Git Product home page Git Product logo

Comments (29)

jessb321 avatar jessb321 commented on July 4, 2024

Hmmm. I haven't set any blocking on my end. Could be CloudFlare issue. Will check the settings.

from trade-dangerous.

eyeonus avatar eyeonus commented on July 4, 2024

All I can tell you is that the code that's getting the 403 is a standard python urllib.request.urlopen call:
https://docs.python.org/3/library/urllib.request.html

try:
    response = request.urlopen(url)
except Exception as e:
    tdenv.WARN("Problem with download:\nURL: {}\nError: {}", url, str(e))

from trade-dangerous.

jessb321 avatar jessb321 commented on July 4, 2024

Looks like a user agent issue. The following code works on my end:

from urllib.request import urlopen, Request

url = 'https://beta.coriolis.io/data/index.json'
headers = {'User-Agent': 'Mozilla/5.0 (Windows NT 6.1) AppleWebKit/537.36 (KHTML, like Gecko) Chrome/41.0.2228.0 Safari/537.3'}
response = urlopen(Request(url=url, headers=headers))

from trade-dangerous.

eyeonus avatar eyeonus commented on July 4, 2024

So your server is refusing because there's no User-Agent header in the request. Interesting.
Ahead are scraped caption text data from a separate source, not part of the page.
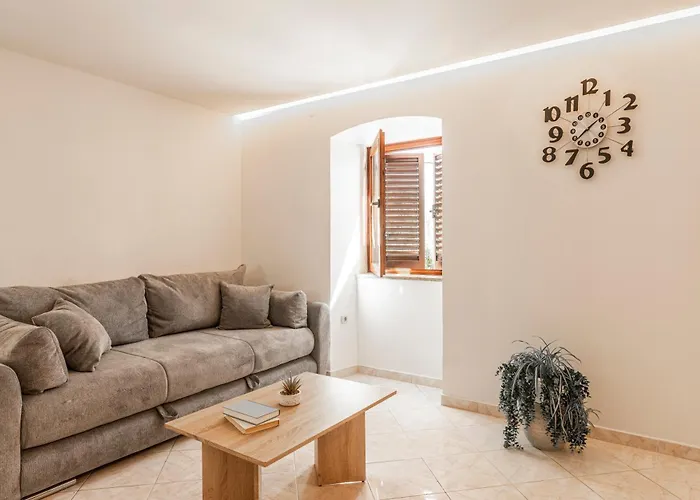 Apartment Klimno شقة كليمنو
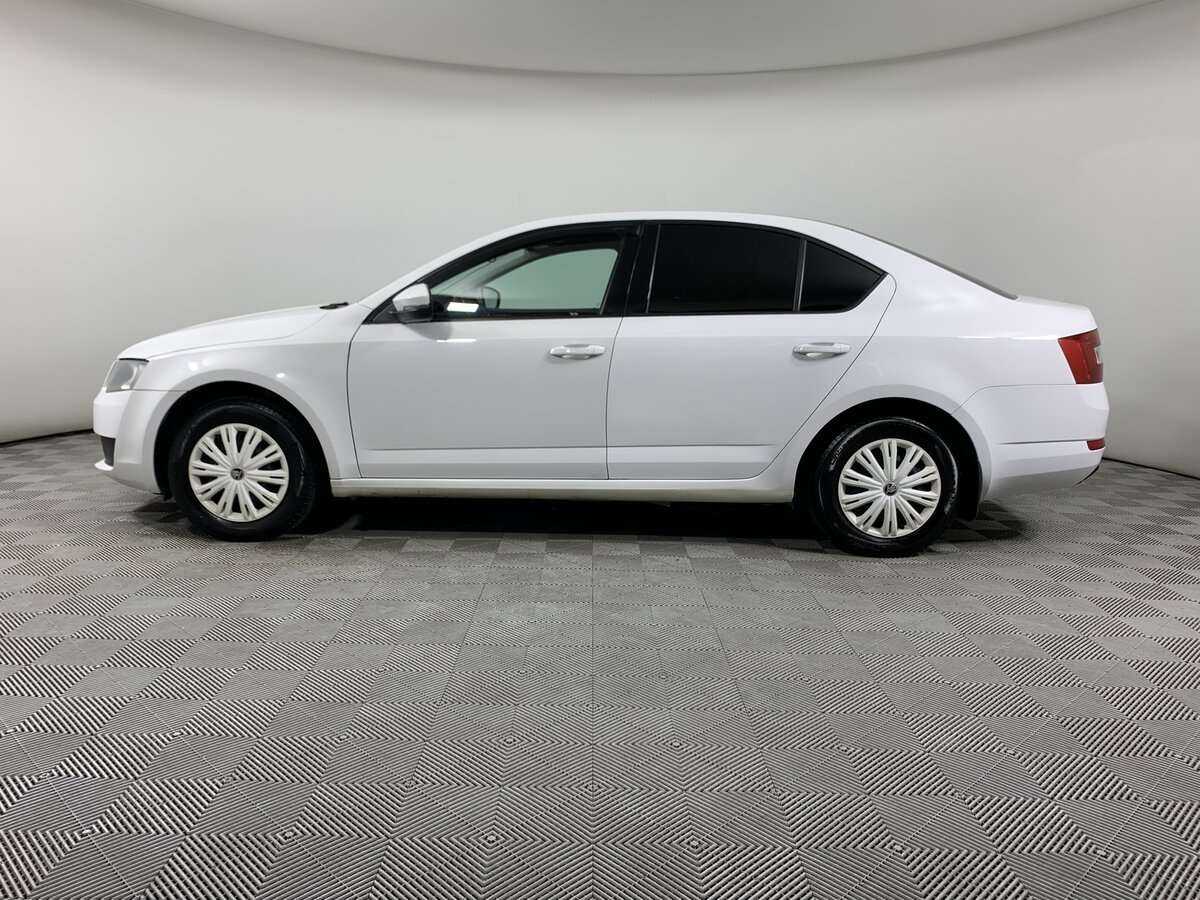 Б/У Шкода Октавия 2014 года. Фото: #7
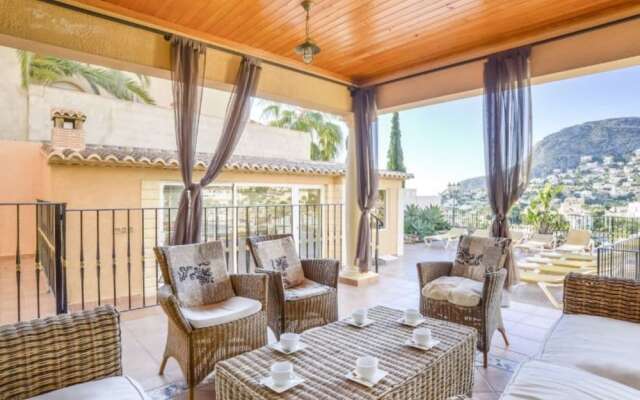 Villa - 5 Bedrooms with Pool - 106414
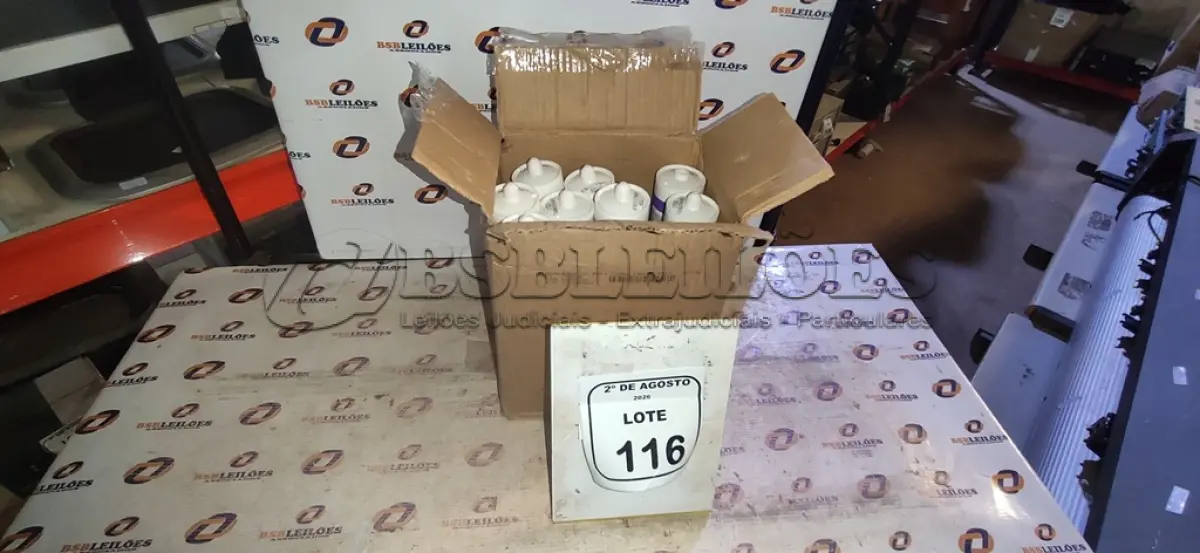LOTE 116 - 12 UNIDADES DE SELANTE PU FIXA CUBA 400G MARCA MONUMENTAL. (NO ESTADO) ATENÇÃO! FAZER A VISITAÇÃO ANTES DE ARREMATAR, NÃO SABEMOS SE FUNCIONA, LEILÃO NÃO TEM GARANTIA E NEM DEVOLUÇÃO, SUJEITO A POSSÍVEIS AVARIAS VISÍVEIS/OCULTAS E/OU AUSÊNCIA DE COMPONENTES.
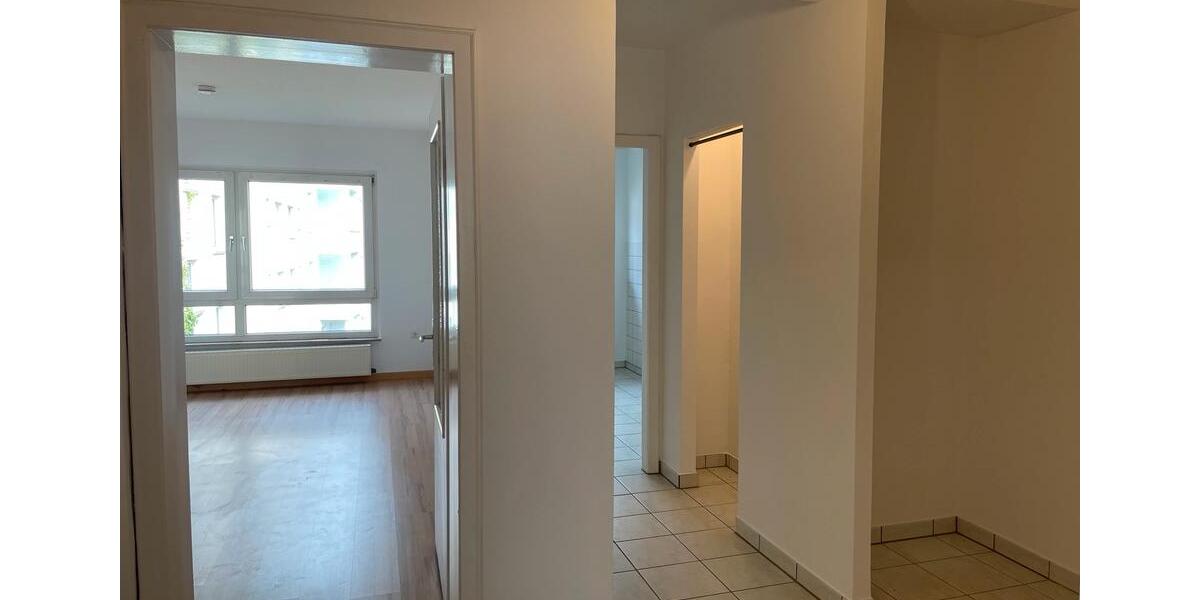 Etagenwohnung Wuppertal Lichtenplatz - 2.5 Zimmer, 64 m&sup2;, 500&euro; | Angebot:26387855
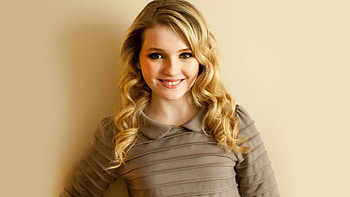 Abigail Breslin, Blue denim jacket, Smiling, Brown hair HD wallpaper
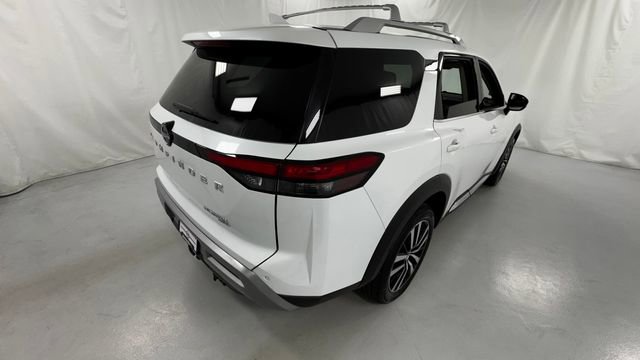 Certified 2025 Nissan Pathfinder Platinum AWD/4WD image 3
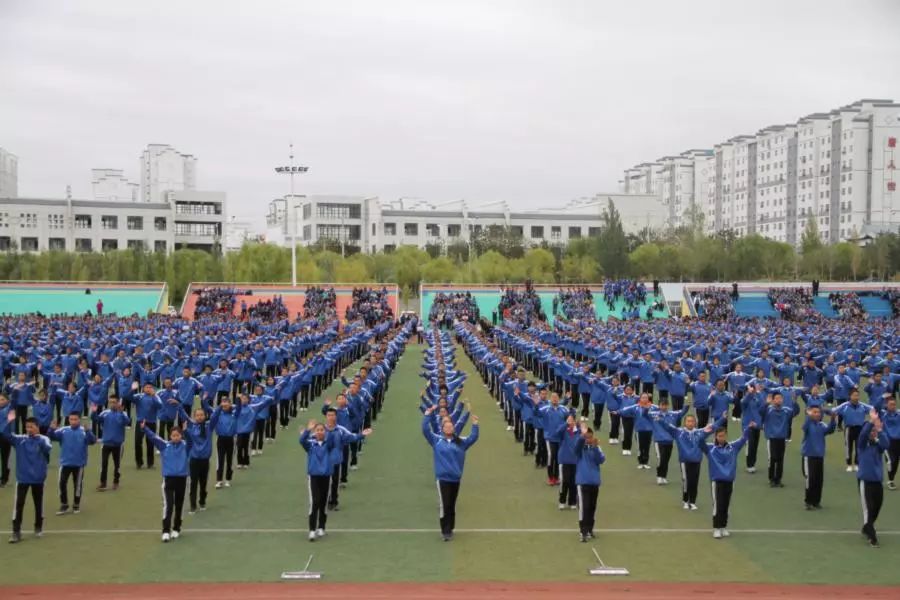 全国公示乌苏一中在内的新疆这24所中小学校要逆天想上这些学校的留意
I've got a fix for it already, but is it possible to turn it off?

from trade-dangerous.

jessb321 avatar jessb321 commented on July 4, 2024

Looks like it is cloudflare blocking the requests, I'll have a poke around to see if I can turn that off but not sure if possible.

from trade-dangerous.

eyeonus avatar eyeonus commented on July 4, 2024

Okay. I'll upload the fix anyway. Who knows, maybe the other sources will one day also require that header.

from trade-dangerous.

eyeonus avatar eyeonus commented on July 4, 2024

Apparently the default User-Agent string is "Python-urllib/x.x" where x.x is the Python version.

Might be CF is specifically blocking Python, since passing "Trade-Dangerous" works fine.

from trade-dangerous.

Tromador avatar Tromador commented on July 4, 2024

Not convinced this is (completely) fixed. Now it doesn't mention the download at all and proceeds directly to using the Default Ship Index.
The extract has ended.